== TASK MATERIAL ==

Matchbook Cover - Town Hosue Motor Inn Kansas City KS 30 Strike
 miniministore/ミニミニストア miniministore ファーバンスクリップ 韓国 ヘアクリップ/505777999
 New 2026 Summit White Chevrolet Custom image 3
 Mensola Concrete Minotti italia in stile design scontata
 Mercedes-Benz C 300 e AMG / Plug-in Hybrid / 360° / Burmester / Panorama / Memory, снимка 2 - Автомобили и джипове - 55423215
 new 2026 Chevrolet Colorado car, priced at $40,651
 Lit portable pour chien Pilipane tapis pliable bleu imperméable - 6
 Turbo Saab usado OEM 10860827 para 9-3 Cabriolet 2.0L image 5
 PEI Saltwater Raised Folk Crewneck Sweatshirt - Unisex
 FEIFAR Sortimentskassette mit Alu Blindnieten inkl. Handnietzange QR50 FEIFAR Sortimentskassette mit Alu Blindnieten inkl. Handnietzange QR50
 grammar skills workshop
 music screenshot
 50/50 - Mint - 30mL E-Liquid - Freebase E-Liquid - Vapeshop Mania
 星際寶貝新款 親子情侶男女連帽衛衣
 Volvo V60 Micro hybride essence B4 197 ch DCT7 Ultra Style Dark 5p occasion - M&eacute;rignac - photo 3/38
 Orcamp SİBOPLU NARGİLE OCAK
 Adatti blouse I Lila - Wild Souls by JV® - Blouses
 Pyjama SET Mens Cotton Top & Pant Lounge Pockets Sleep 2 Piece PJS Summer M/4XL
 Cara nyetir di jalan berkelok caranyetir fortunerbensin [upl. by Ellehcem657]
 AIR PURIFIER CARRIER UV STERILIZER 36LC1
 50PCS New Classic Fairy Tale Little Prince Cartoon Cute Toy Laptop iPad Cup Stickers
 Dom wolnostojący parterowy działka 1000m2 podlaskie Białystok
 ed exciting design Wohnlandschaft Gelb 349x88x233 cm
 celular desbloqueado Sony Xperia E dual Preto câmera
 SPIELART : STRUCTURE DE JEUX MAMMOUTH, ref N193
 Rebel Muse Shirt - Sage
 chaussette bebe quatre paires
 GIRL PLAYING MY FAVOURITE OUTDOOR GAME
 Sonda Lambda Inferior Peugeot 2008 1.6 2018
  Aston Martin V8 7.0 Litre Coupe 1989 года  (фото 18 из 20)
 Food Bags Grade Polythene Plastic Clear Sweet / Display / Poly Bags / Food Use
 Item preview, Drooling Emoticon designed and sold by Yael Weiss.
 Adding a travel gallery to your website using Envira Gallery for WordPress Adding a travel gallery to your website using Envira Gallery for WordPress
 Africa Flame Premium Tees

== WHAT THE TASK ASKS ==
What you give back should be only the lines of the records above, starting at the line with "50PCS New Classic" and ending at the line with "GIRL PLAYING MY FAVOURITE OUTDOOR GAME", restated word for word.

== OUTPUT OF THE EXERCISE ==
 50PCS New Classic Fairy Tale Little Prince Cartoon Cute Toy Laptop iPad Cup Stickers
 Dom wolnostojący parterowy działka 1000m2 podlaskie Białystok
 ed exciting design Wohnlandschaft Gelb 349x88x233 cm
 celular desbloqueado Sony Xperia E dual Preto câmera
 SPIELART : STRUCTURE DE JEUX MAMMOUTH, ref N193
 Rebel Muse Shirt - Sage
 chaussette bebe quatre paires
 GIRL PLAYING MY FAVOURITE OUTDOOR GAME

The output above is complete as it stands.